Monday, Jan. 11, 1937
Quins' Contract
When the Dionne Quintuplets clung to life 31 months ago in Callender, Ont. and the world outside woke up to their uniqueness, Photographer Fred Davis of the bustling Toronto Star suggested selling their pictures to newspapers and services to help meet the expense of keeping the
Quins alive. The Star was willing to handle Canadian sales and in July, when the Quins were seven weeks old, it called for bids on the U. S. rights. Newspaper Enterprise Association's $2,050 for six months was top. When that contract expired, NEA and Hearst's King Features Syndicate got together to halt a bidding contest at $10,000. In the spring of 1936, the NEA-Quins contract was renewed at the same figure.
Last week NEA, a little breathless after a scrimmage with "another American com-petitor" (not Hearst), signed up to pay the five little Dionnes about $50.000 a year for the exclusive privilege of making their "still" pictures for newspapers, magazines and commercial users,* for by now the Quins have become the world's greatest news-picture story, subscribed to for 1937 by 672 U. S. dailies with an aggregate circulation of 13,116,637.
Extremely profitable to themselves, the Quins' cherubic features are not, however, the gold mine for NEA that might be supposed.
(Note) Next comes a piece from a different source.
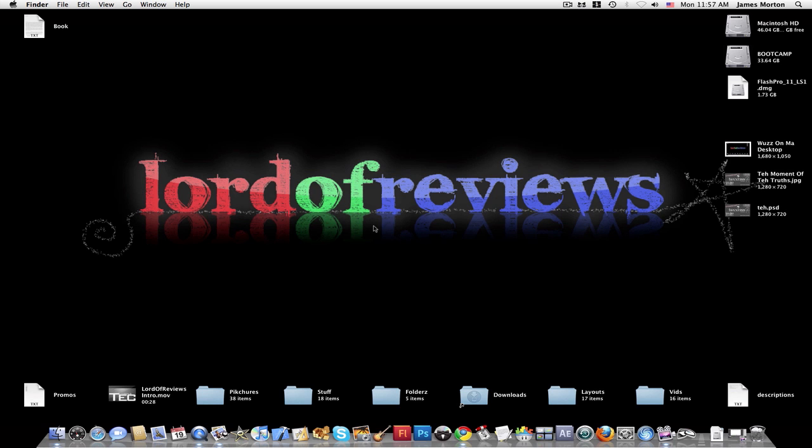Hey guys, this is Lord of Evil and this is going to be an application review for the Mac and possibly the Windows. I'm not sure if this is on the Windows, but I know it's on the Mac.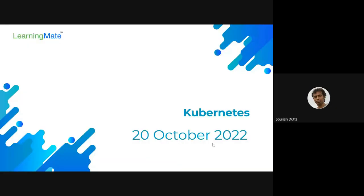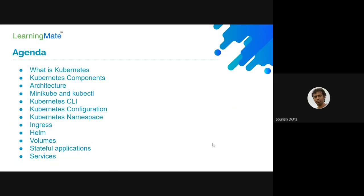Today's session is about the introduction to Kubernetes — what it is and how it is used in Ether and other places. We're going to go through a few of the things that are here.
NEA gives them to the 710 clients of its regular feature service at no extra charge, and now at a cost to itself of about $100,000 a year. Hearst thought the new $50,000 was too high, so NEA hurried around last week placing new Quin contracts. Takers included the Boston Post, Atlanta Journal, Detroit News and, for exclusive U. S. magazine rights, TIME Inc.
*Twentieth Century-Fox still holds the Quins' contract for feature cinemas, Pathe for newsreels and ''shorts."